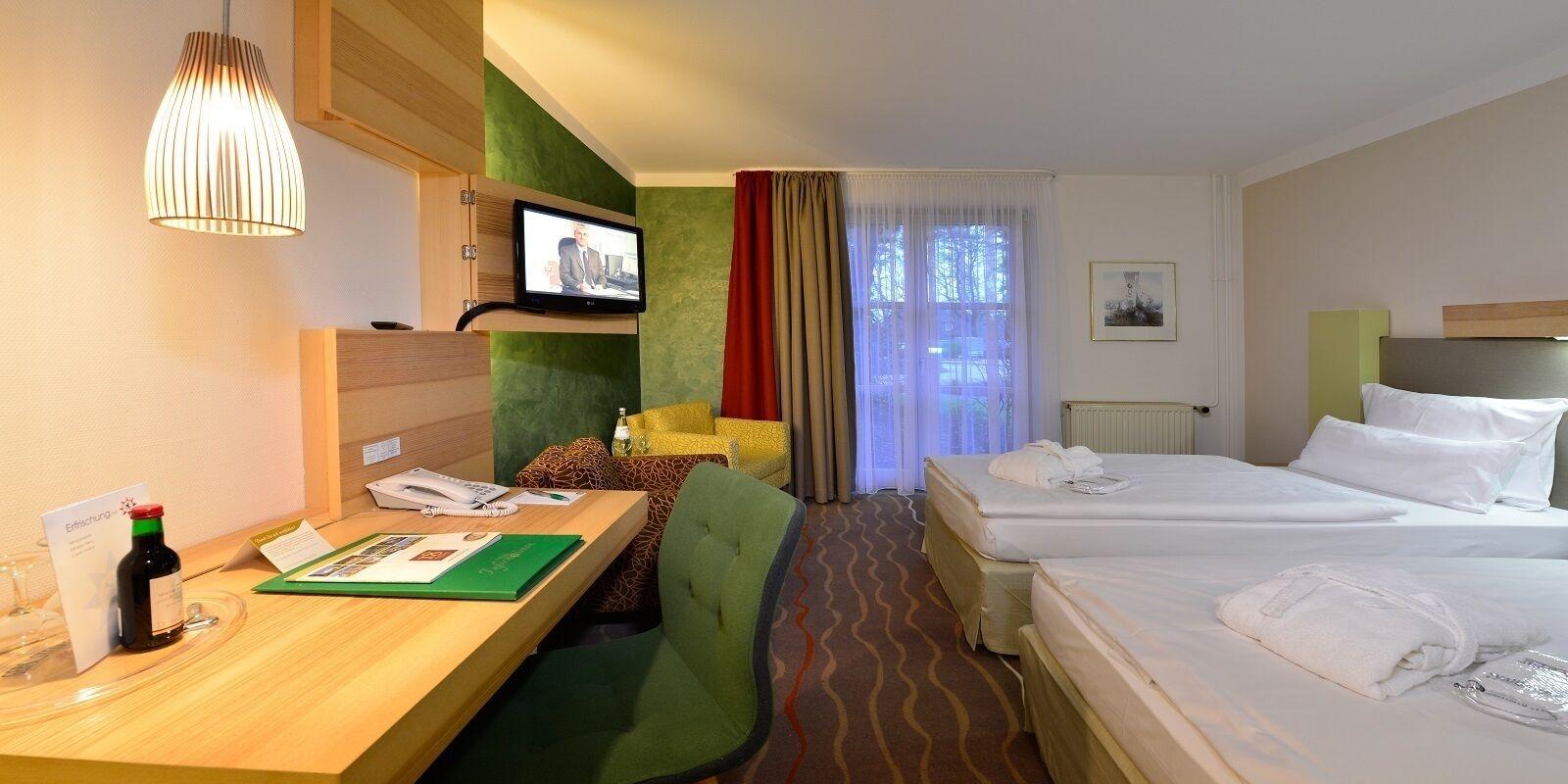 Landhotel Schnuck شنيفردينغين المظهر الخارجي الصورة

---

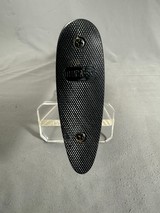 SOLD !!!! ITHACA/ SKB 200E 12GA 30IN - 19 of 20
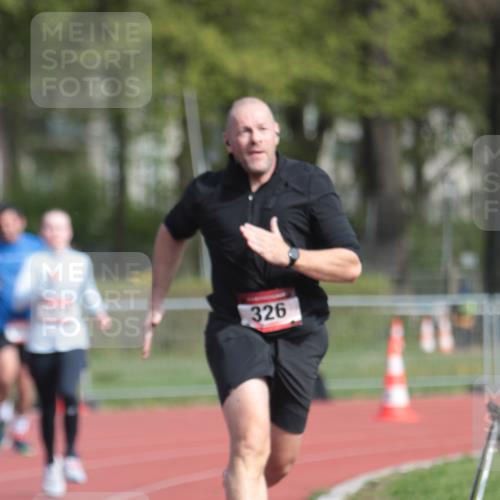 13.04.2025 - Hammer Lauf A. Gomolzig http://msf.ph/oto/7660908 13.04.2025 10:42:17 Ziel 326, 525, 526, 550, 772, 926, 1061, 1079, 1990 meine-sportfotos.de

...

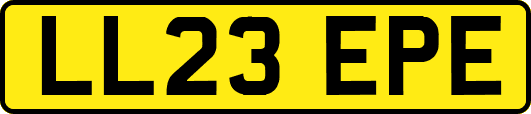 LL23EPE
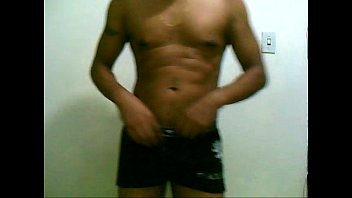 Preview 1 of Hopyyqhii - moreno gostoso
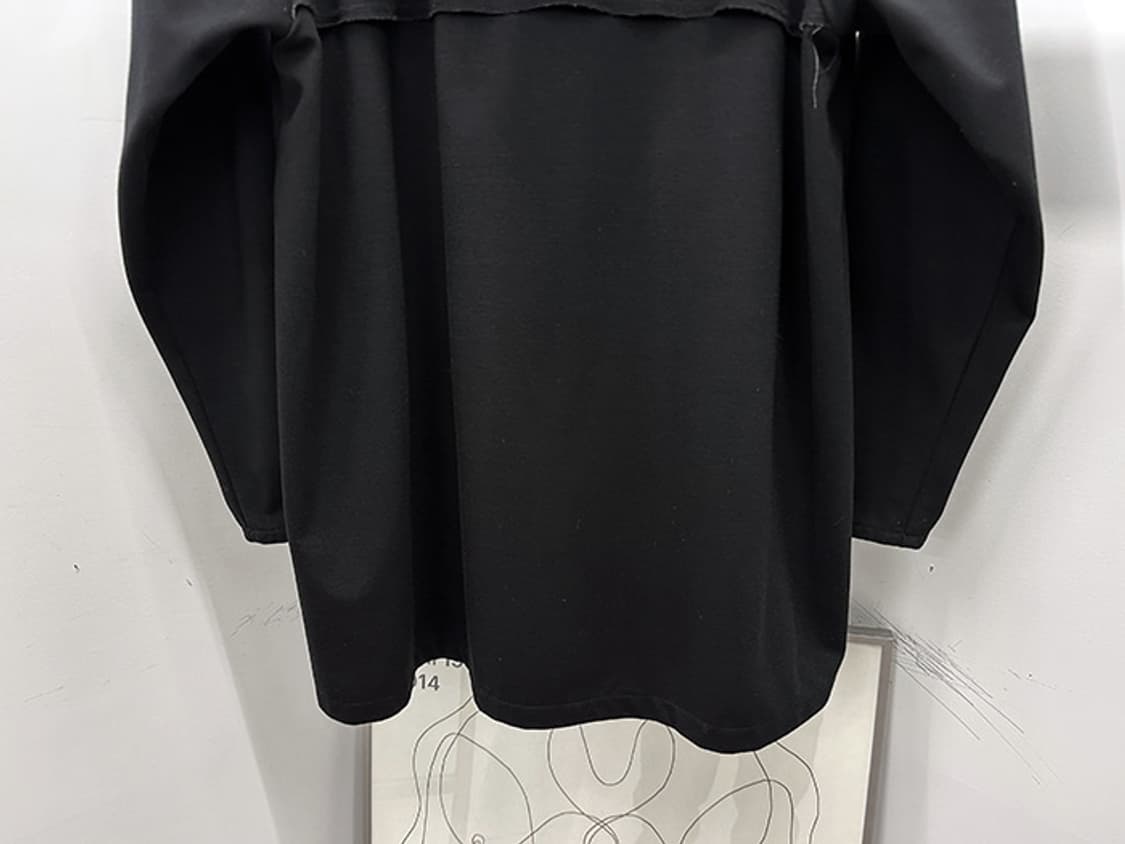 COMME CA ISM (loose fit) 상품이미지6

:: Task details ::
Leaving pictures out, output the lines of the data above from the one with "Preview 1 of Hopyyqhii - moreno gostoso" through the one with "COMME CA ISM (loose fit) 상품이미지6", word for word.

:: Task solution ::
 Preview 1 of Hopyyqhii - moreno gostoso
 COMME CA ISM (loose fit) 상품이미지6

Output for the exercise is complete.